* _TO DO_: Starting at the line that contains "ᐉ польза сладкого" and ending at the line that contains "不动产权证书作废公告（八百二十六）20240213(图1)", the lines below are to be given again exactly, with nothing added.

* _SUPPLIED DATA_:
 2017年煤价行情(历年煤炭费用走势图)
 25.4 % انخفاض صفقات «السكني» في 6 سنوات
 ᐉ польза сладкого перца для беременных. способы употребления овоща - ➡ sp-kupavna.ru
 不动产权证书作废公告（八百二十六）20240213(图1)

---

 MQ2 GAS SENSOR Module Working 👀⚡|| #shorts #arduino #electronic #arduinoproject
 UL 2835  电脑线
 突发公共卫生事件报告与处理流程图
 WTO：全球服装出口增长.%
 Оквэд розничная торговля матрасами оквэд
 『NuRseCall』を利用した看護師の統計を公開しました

==

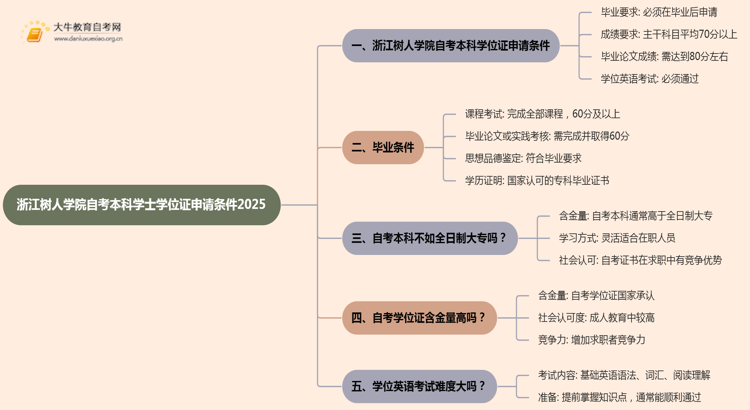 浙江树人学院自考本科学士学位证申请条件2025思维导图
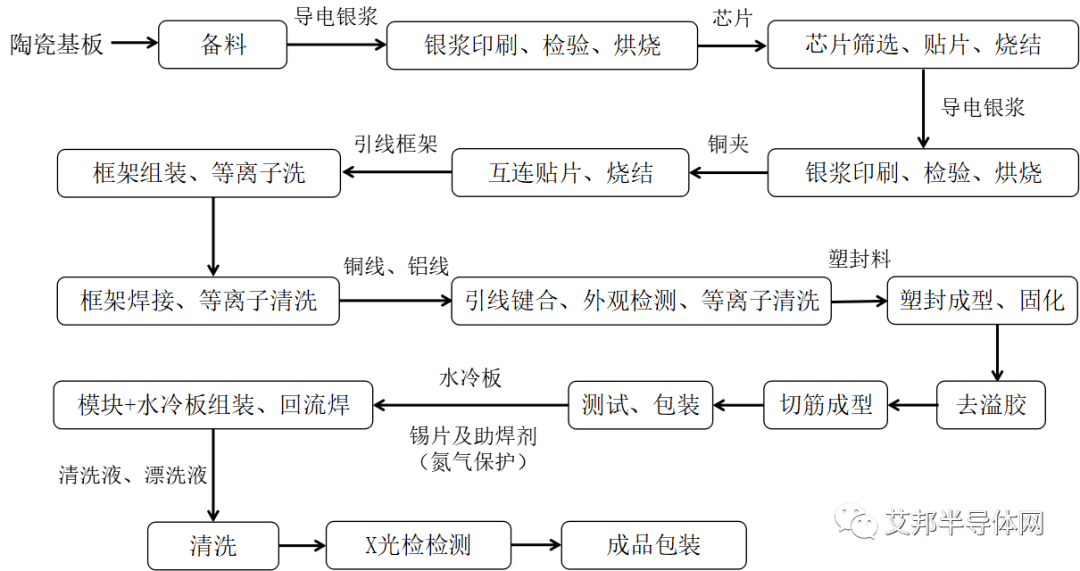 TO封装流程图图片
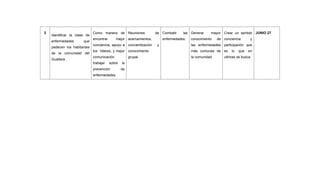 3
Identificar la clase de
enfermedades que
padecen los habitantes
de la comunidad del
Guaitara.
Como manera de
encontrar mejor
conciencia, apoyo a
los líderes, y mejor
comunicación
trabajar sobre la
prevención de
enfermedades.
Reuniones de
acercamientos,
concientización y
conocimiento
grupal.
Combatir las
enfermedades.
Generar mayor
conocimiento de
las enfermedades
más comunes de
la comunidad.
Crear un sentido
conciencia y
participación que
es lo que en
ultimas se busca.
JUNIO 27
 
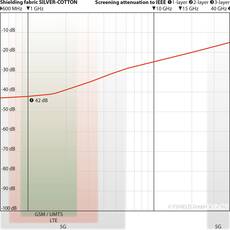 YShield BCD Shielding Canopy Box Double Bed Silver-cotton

* _EXERCISE ANSWER_:
 ᐉ польза сладкого перца для беременных. способы употребления овоща - ➡ sp-kupavna.ru
 不动产权证书作废公告（八百二十六）20240213(图1)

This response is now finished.